Now we'll add in the angle bisector and call $BD \ \ y$ , so $DC = \frac{9 \sqrt{2}}{2} - y$ . Use the Angle Bisector Theorem to find the value of y: $\frac{3}{y} = \frac{6}{9\sqrt{2} / 2 - y} \Rightarrow \ y = \frac{3\sqrt{2}}{2}$ Finally, use Law of Cosines on $\triangle ABD$ , but we'll need to find $cos(\angle BAD)$ to do that. We'll use the Half-Angle Identity: $cos\left(\frac{\angle BAC}{2}\right) = \sqrt{\frac{1 + 1/8}{2}} = \sqrt{\frac{9}{16}} = \frac{3}{4}$

Now use Law of Cosines to find $AD$ : $\left(\frac{3\sqrt{2}}{2}\right)^2 = 3^2 + AD^2 - 6AD*cos \left(\angle BAD\right) \\ \frac{9}{2} = 9 + AD^2 - 6AD(\frac{3}{4}) \\ 9 = 18 + 2AD^2 - 9AD \\ 2AD^2 - 9AD + 9 = 0 \\$

Using the Quadratic formula, we see that $AD = \boxed{3}$ .

(Couldn't add in some of the calculations since my solution was getting long :P).

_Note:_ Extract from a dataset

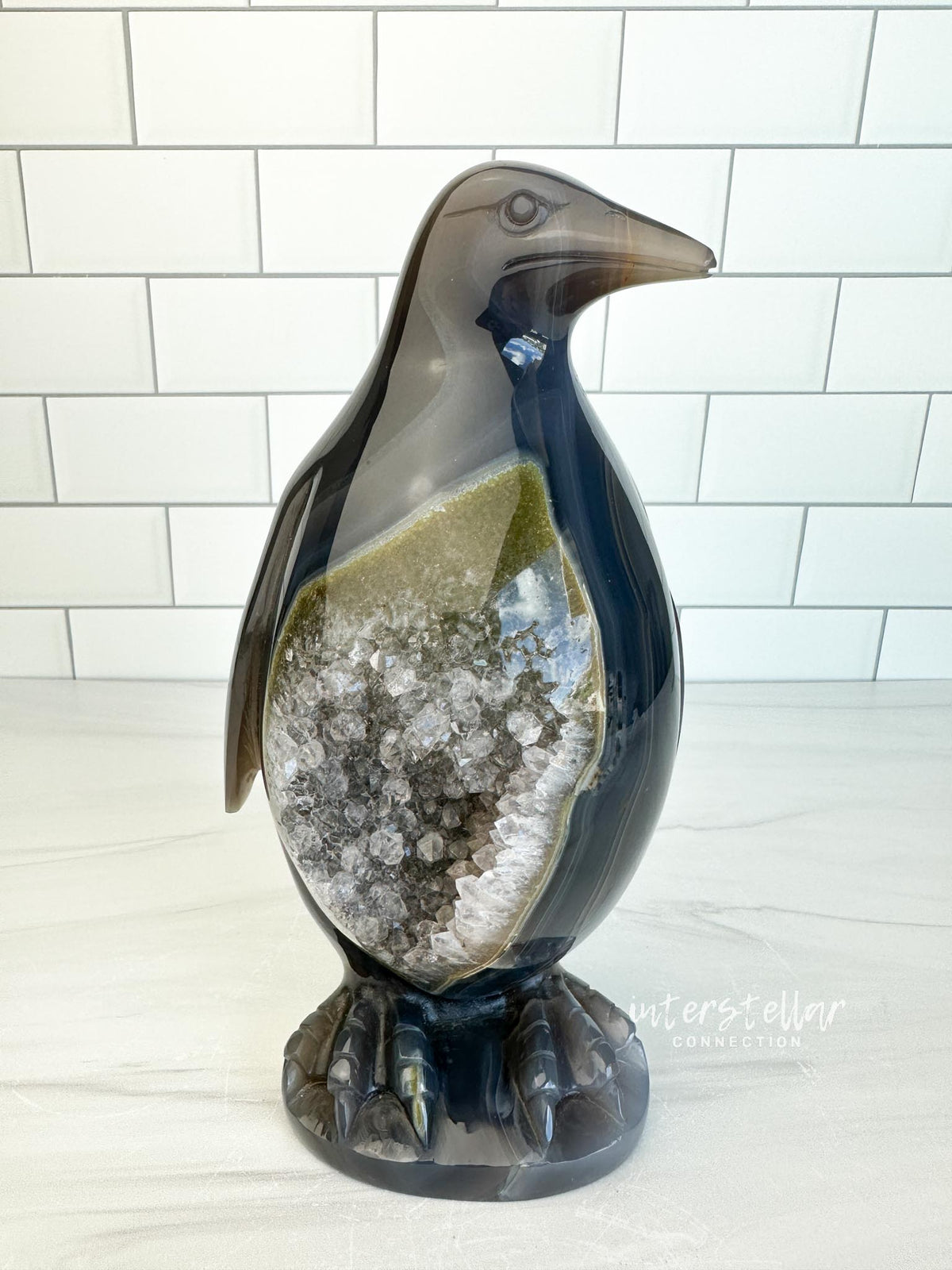 PENGUIN - Blue Agate Geode Quartz Penguin Carving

Use Law of Cosines to find $BC$ :

$BC^2=AB^2+AC^2-2(AB)(AC)(\cos \angle BAC)\\ BC^2=3^2+6^2-2(3)(6)(\cos \angle BAC)\\ BC^2=45-36\left(\dfrac{1}{8}\right) \\ BC^2=\dfrac{81}{2}\\ BC=\dfrac{9}{\sqrt{2}}$

Finally, use Stewart's Theorem to find $AD$ :

$AD=\dfrac{\sqrt{(AB)(AC)(AB+AC+BC)(AB+AC-BC)}}{AB+AC}\\ AD=\dfrac{\sqrt{(3)(6)(3+6+\frac{9}{\sqrt{2}})(3+6-\frac{9}{\sqrt{2}})}}{3+6}\\ AD=\boxed{3}$